Activity:
Copy out nothing but the lines from the one holding "Dr. Althea 345" through the end of the entries below, exactly as written and without the pictures.

Records provided:
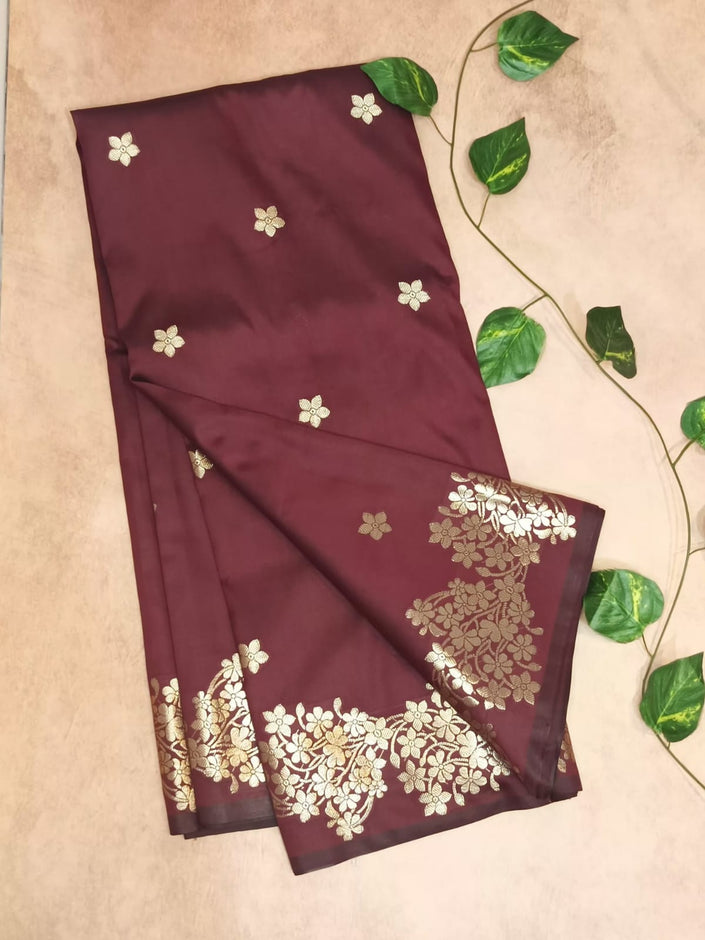 Semi Katan Silk Saree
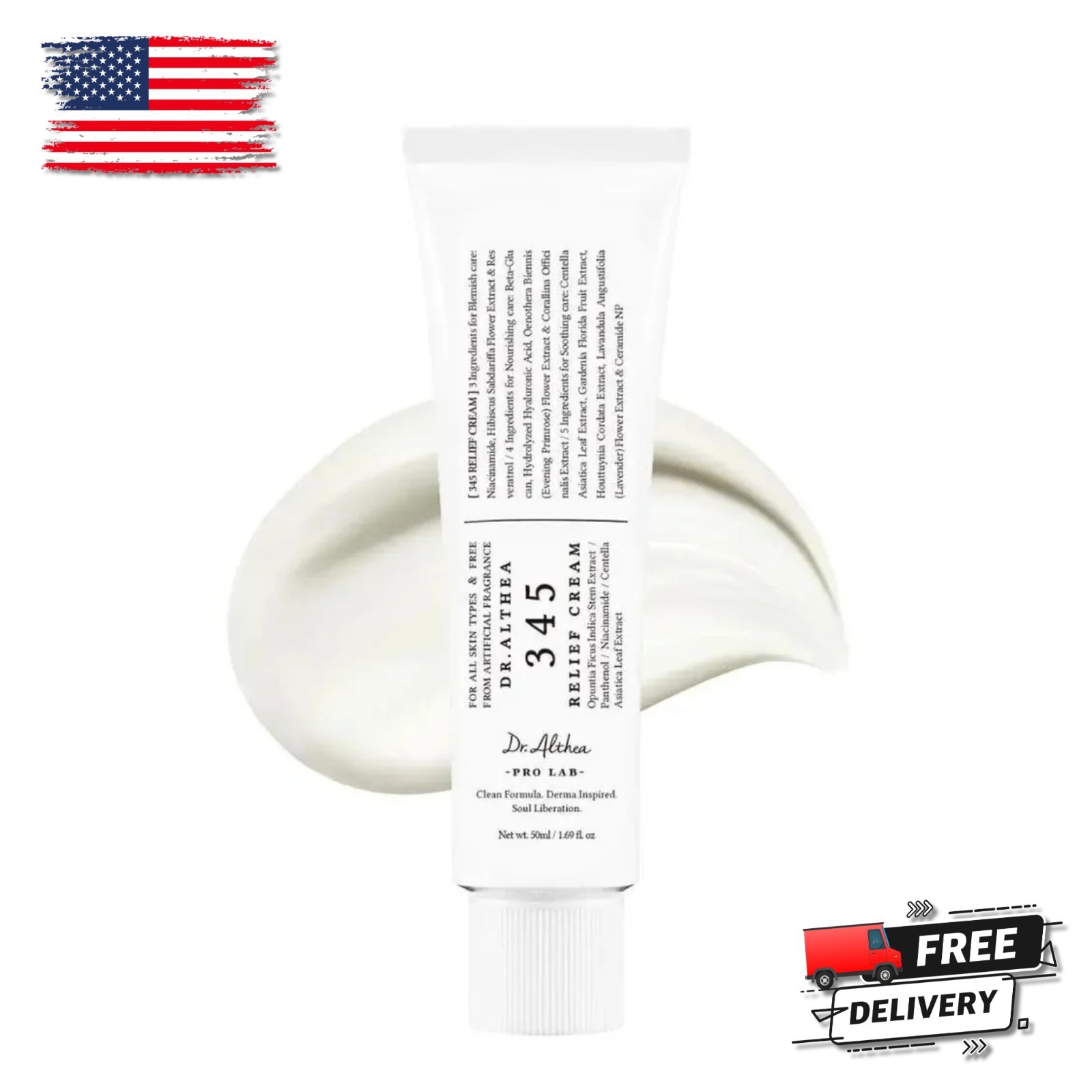Dr. Althea 345 Relief Daily Face Moisturizer Cream 50ml 1.69 fl oz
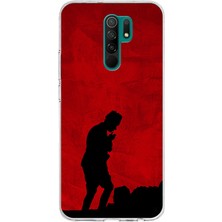 TechTree Redmi 9 Uyumlu Gölge ve Siluet Detaylı Atatürk Baskılı Silikon Kılıf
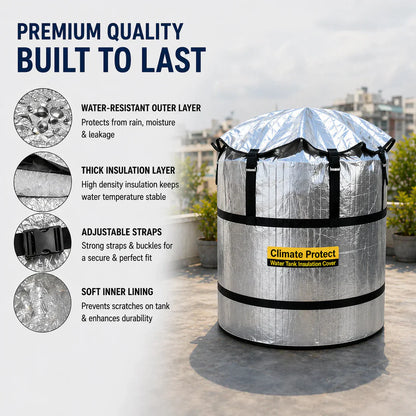 Climate Protect Water Tank™ Thermal Insulation Cover for Weatherproofing
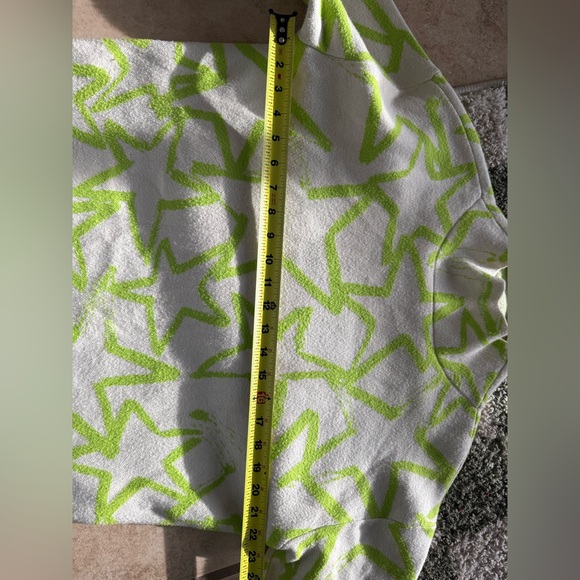 Anthropologie Maeve Lime and Cream Knit Sweater - Picture 5 of 5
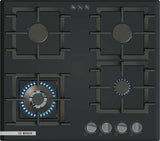 Bosch 60cm Series 4 Gas Cooktop Tempered Glass Black PNK6B6K40A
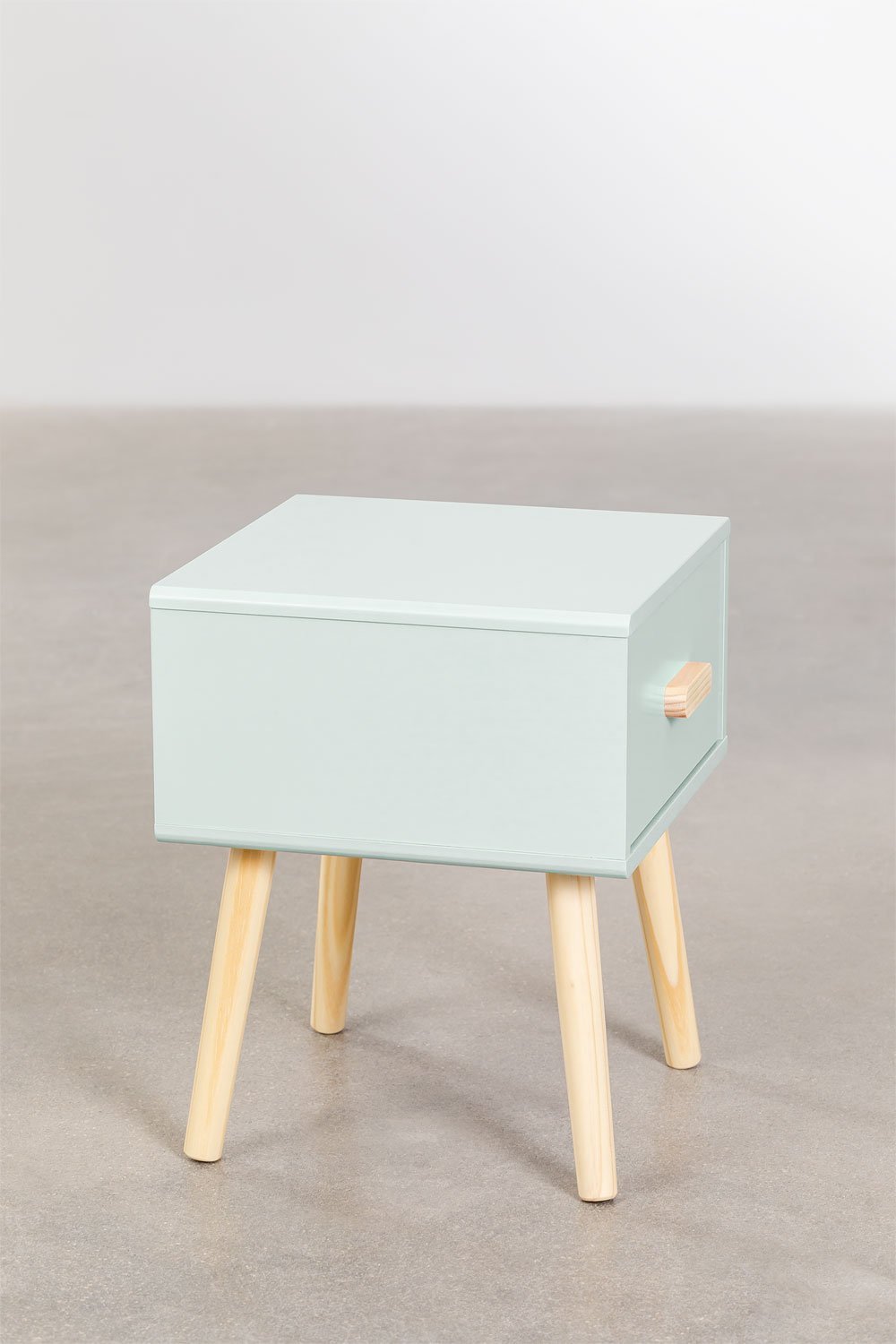 Mesita de noche en MDF y madera de pino Tom Kids , imagen de galería 3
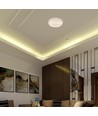 V-Tac 30W/60W/30W Designer loftlampe med fjernbetjening - 3-i-1, dæmpbar, brun ring, inkl. lyskilde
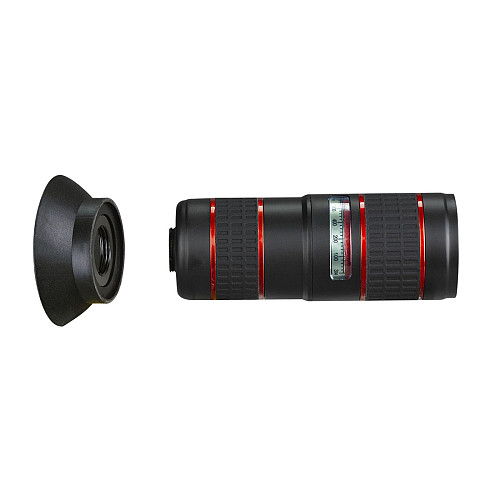 FCLUO 4K HD 12X Optical Telescope Phone Lens w/ 0.45X Super Wide Angle 15x Macro Lens Set for Smartphone Mobile Telephoto Zoom Cameras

Your response:
Dr. Althea 345 Relief Daily Face Moisturizer Cream 50ml 1.69 fl oz
 TechTree Redmi 9 Uyumlu Gölge ve Siluet Detaylı Atatürk Baskılı Silikon Kılıf
 Climate Protect Water Tank™ Thermal Insulation Cover for Weatherproofing
 Anthropologie Maeve Lime and Cream Knit Sweater - Picture 5 of 5
 Bosch 60cm Series 4 Gas Cooktop Tempered Glass Black PNK6B6K40A
 Mesita de noche en MDF y madera de pino Tom Kids , imagen de galería 3
 V-Tac 30W/60W/30W Designer loftlampe med fjernbetjening - 3-i-1, dæmpbar, brun ring, inkl. lyskilde
 FCLUO 4K HD 12X Optical Telescope Phone Lens w/ 0.45X Super Wide Angle 15x Macro Lens Set for Smartphone Mobile Telephoto Zoom Cameras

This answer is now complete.